▸ WHAT THE TASK REQUIRES
A verbatim copy of every record is required, and no pictures should be included.
# # # # # # #
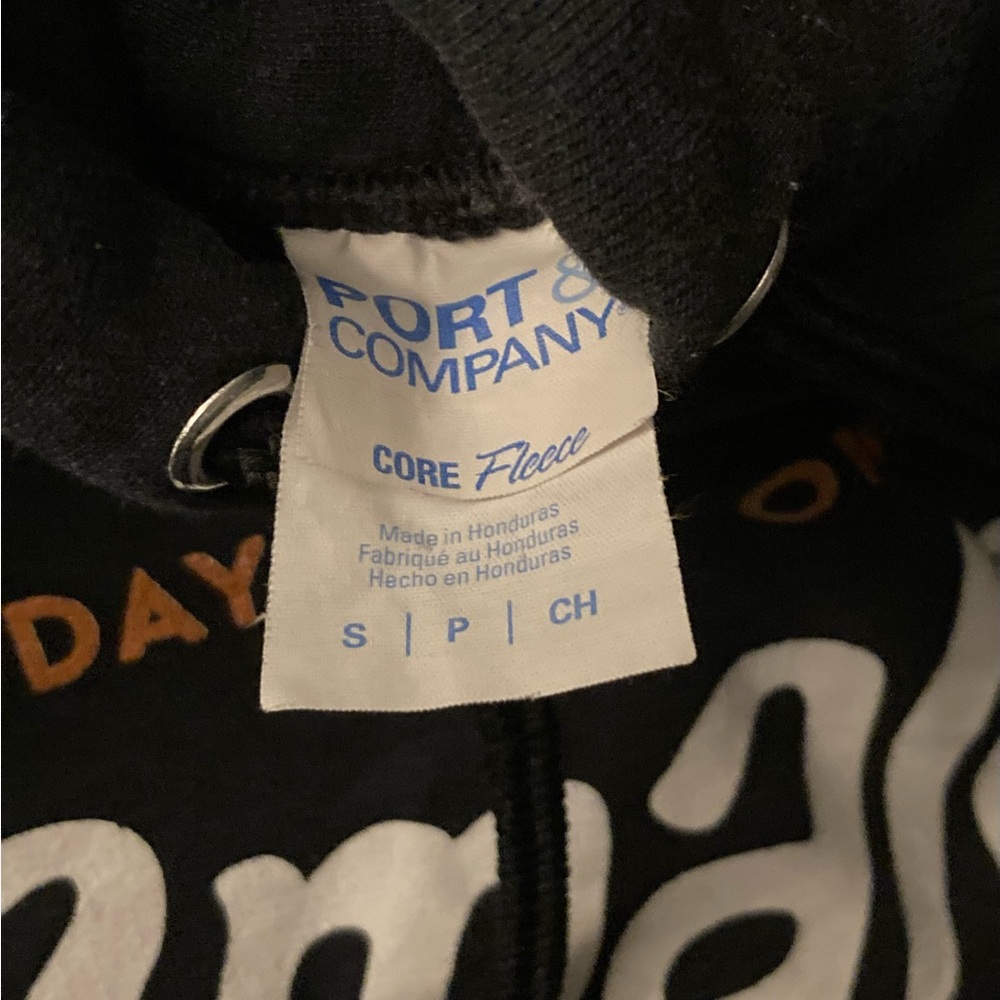 Adult Size Small Smales Pretzels Dayton, OH Hoodie Sweatshirt - Picture 2 of 4
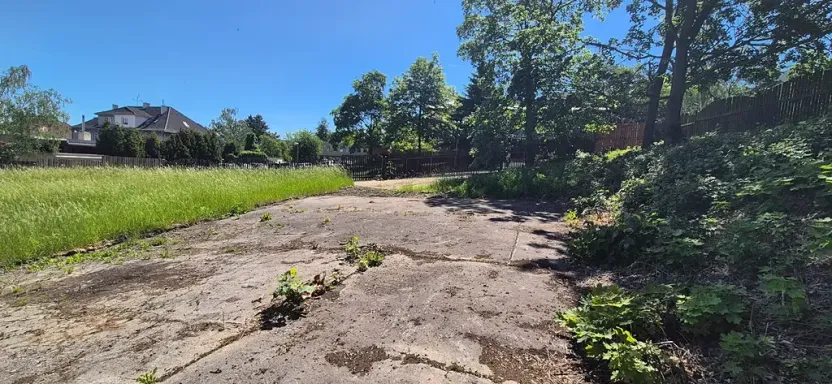 Pronájem komerčního pozemku, Teplice, Pařížská, 2500 m2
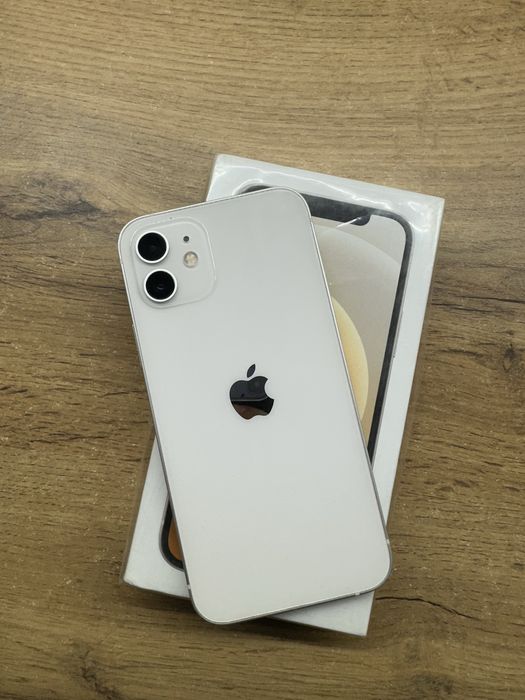 iPhone  12  белый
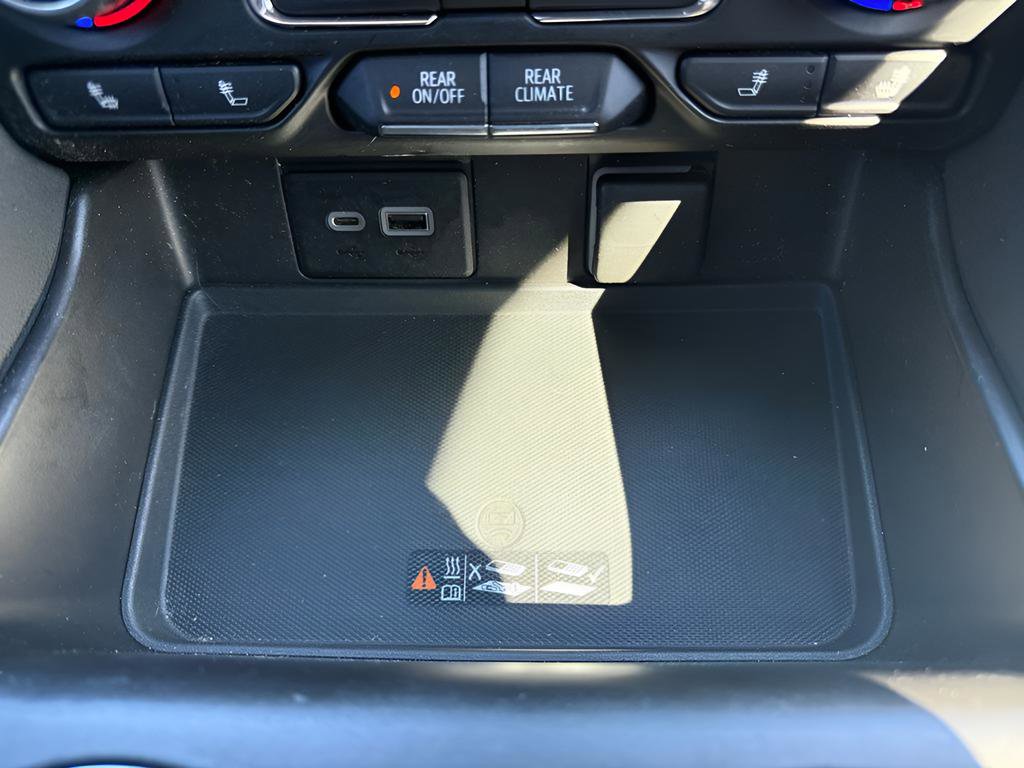 Used 2021 Chevrolet Tahoe LT w/ Luxury Package image 23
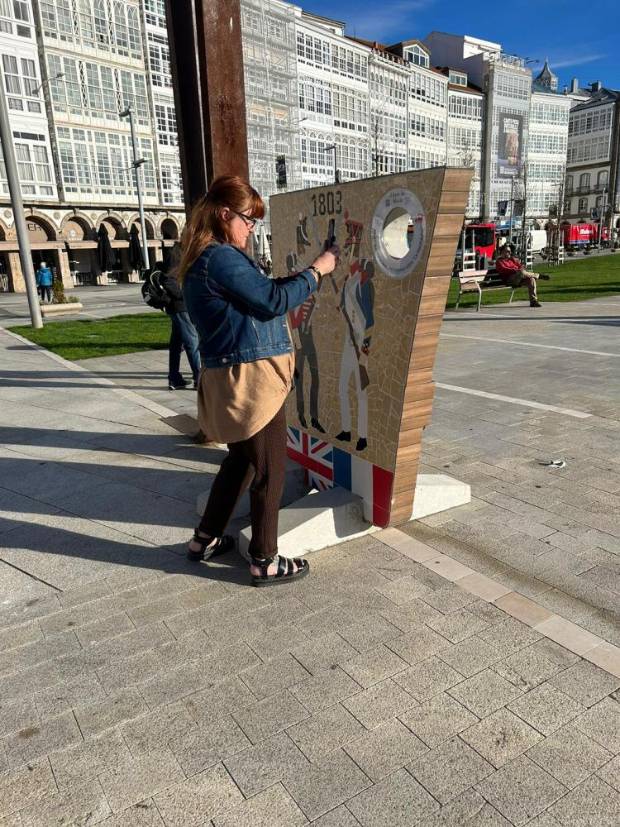 $!Suministros Lar expone en A Coruña nueve murales cerámicos reivindicativos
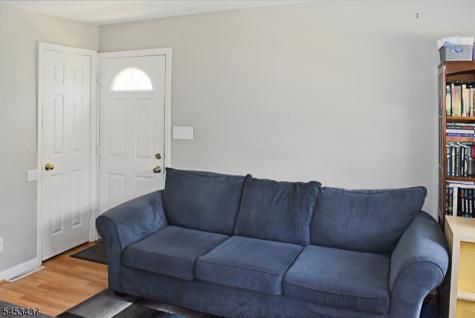 117 Vermont Trail Hopatcong NJ 07843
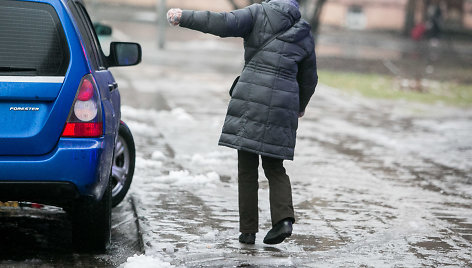 Vilniuje ketvirtadienio rytą labai slidu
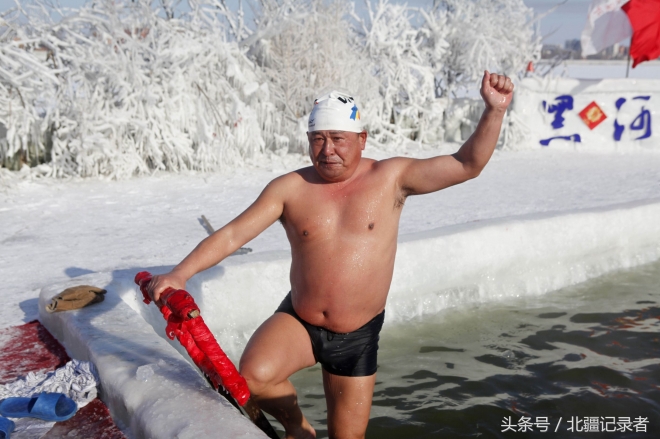 东北大叔大妈-33℃极寒赤膊泡冰水 晒“日光浴”做俯卧撑健身(4)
# # # # # # #
▸ TASK OUTPUT
 Adult Size Small Smales Pretzels Dayton, OH Hoodie Sweatshirt - Picture 2 of 4
 Pronájem komerčního pozemku, Teplice, Pařížská, 2500 m2
 iPhone  12  белый
 Used 2021 Chevrolet Tahoe LT w/ Luxury Package image 23
 $!Suministros Lar expone en A Coruña nueve murales cerámicos reivindicativos
 117 Vermont Trail Hopatcong NJ 07843
 Vilniuje ketvirtadienio rytą labai slidu
 东北大叔大妈-33℃极寒赤膊泡冰水 晒“日光浴”做俯卧撑健身(4)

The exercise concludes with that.